Presente e Futuro: A Felicidade à Beira-Mar

Hoje, a Capela do Senhor da Pedra é um ponto de excelência numa praia de veraneio, um enquadramento paisagístico que atrai inúmeros visitantes. Turistas curiosos, amantes que partilham beijos ao entardecer, num ritual quase instituído no inconsciente coletivo, revelam a capacidade deste lugar de evocar a felicidade e as “brancas paixões”. É a confirmação de que estes locais, impregnados de história e lenda, têm o poder de tocar a alma humana e de a tornar mais feliz.

A romaria, as promessas, o “Primeiro Banho do Ano” – uma tradição iniciada por um grupo de amigos há 46 anos e que hoje congrega multidões – são manifestações contemporâneas de uma religiosidade popular que, por vezes, transcende a própria liturgia. Como nos confidencia o Sr. José Bernardo ( o mesmo senhor que nos falou na crua dos cravos), dono do café em frente, esta “romaria” com o seu “abastardamento indumentário” reflete a busca incessante do ser humano por alegria e pela cura das suas aflições.

A Capela do Senhor da Pedra, para lá das suas paredes e da sua cronologia, é um símbolo. Símbolo de uma região que, em 250 anos, tem procurado dialogar com o sagrado e com o mar. É um lugar onde a rocha se encontra com a fé humana, onde o mistério se cruza com a devoção, e onde, no fundo, se celebra a própria vida, em todas as suas complexidades e manifestações.

Cronologia:

Linha do Tempo dos Principais Eventos da Capela do Senhor da Pedra

-Há aproximadamente 298 ± 12 milhões de anos (Período Hercínico): Formação dos afloramentos graníticos onde a Capela do Senhor da Pedra está situada, durante a orogenia hercínica, quando os continentes convergiam para formar a Pangeia.

-Tempos Imemoriais (período pré-Cristão): Os afloramentos rochosos litorais, incluindo o local da Capela do Senhor da Pedra, poderã estar associados a práticas de litolatria (culto à rocha) e a um fundo mágico e religioso primitivo? Apesar de não conseguir ver nenhuma fossete.

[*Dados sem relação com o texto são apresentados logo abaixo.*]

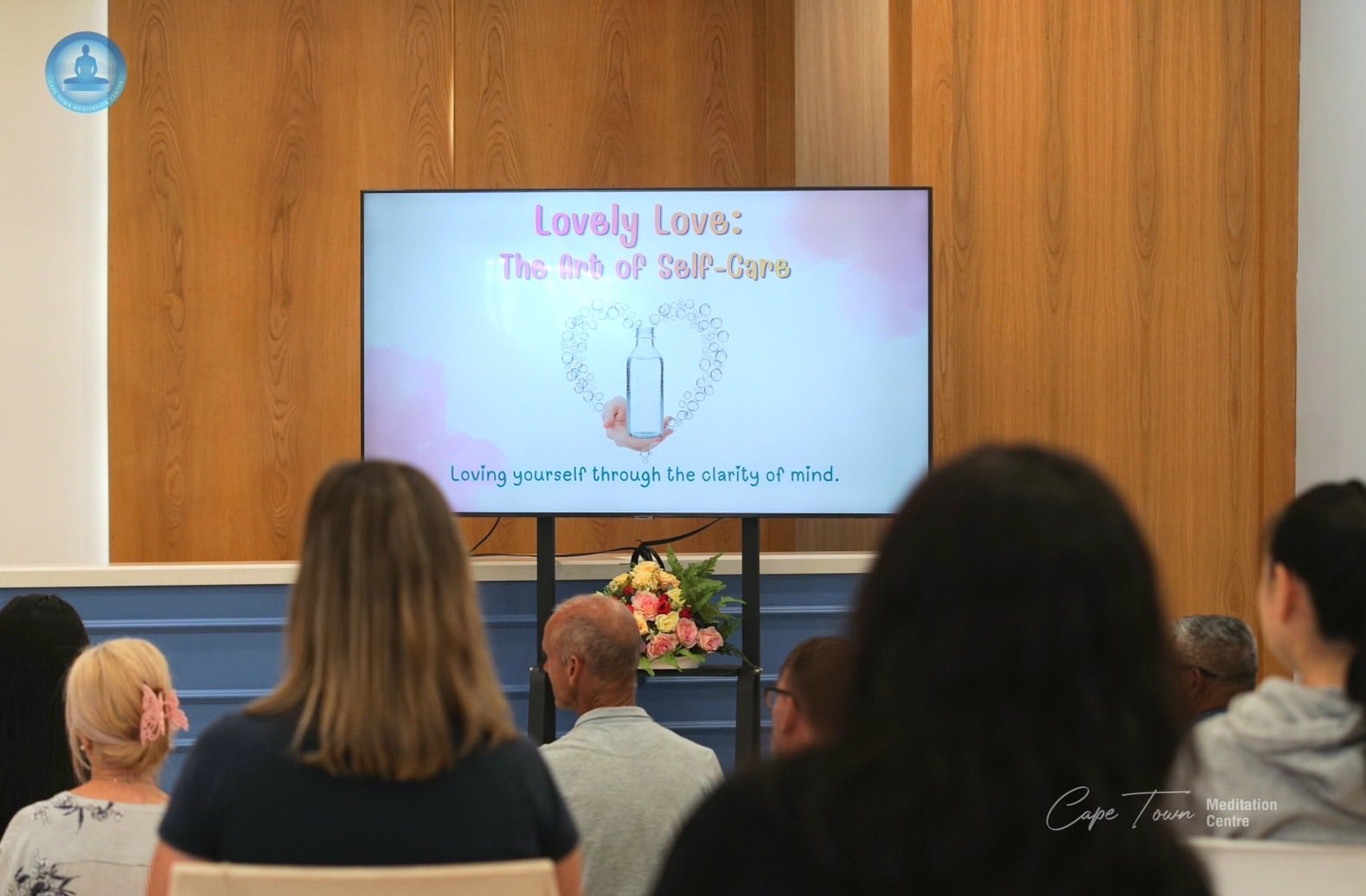 วัดพุทธเคปทาวน์ จัดกิจกรรมสอนสมาธิให้กับชาวท้องถิ่น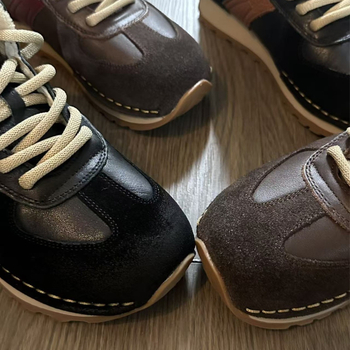 Παπούτσια καθημερινά – Επάνω μέρος από γνήσιο δέρμα; Εσωτερικό από συνθετικό κοντό γούννο; Κορδόνια; Καουτσούκ σόλα; Χαμηλό ύψος 1-3 cm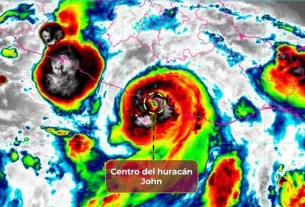 Huracán 'John' de Categoría 3 impacta en Marquelia, Guerrero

-Século XVII (especificamente 1686 – data na fachada, mas não corroborada): Um painel de azulejos na fachada da capela indica o ano de 1686 como sua construção. No entanto, a ausência de documentação para essa data sugere que não é a data real da edificação.-

-1758: Nas Memórias Paroquiais (encomendadas pelo Marquês de Pombal), não há menção à Capela do Senhor da Pedra nem a qualquer culto organizado no local em Gulpilhares. Isso não exclui a existência de devoções populares no local.

-Junho de 1763: O Pároco de Gulpilhares, Francisco Caetano de Sousa Sarmento, solicita ao Bispo do Porto a bênção da capela.

-13 de junho de 1763: A Capela do Senhor da Pedra é benzida, e uma imagem do Senhor da Cruz é trazida em procissão da igreja matriz. Esta data é consistente com o estilo Rococó dos retábulos interiores.

-Há 46 anos (a partir da data do texto): Início da tradição do “Primeiro Banho do Ano” por um grupo de amigos, que se tornou um evento com multidões.

-Presente: A Capela do Senhor da Pedra é um geomonumento e um ponto de atração turística. Continua a ser um centro de devoção católica, mas também de práticas de religiosidade popular, sincretismo e rituais (magia, feitiçaria, busca de curas). É um local onde ocorrem as romarias anuais no Domingo da Santíssima Trindade, o “Primeiro Banho do Ano”, e é associada a momentos de felicidade e “paixões.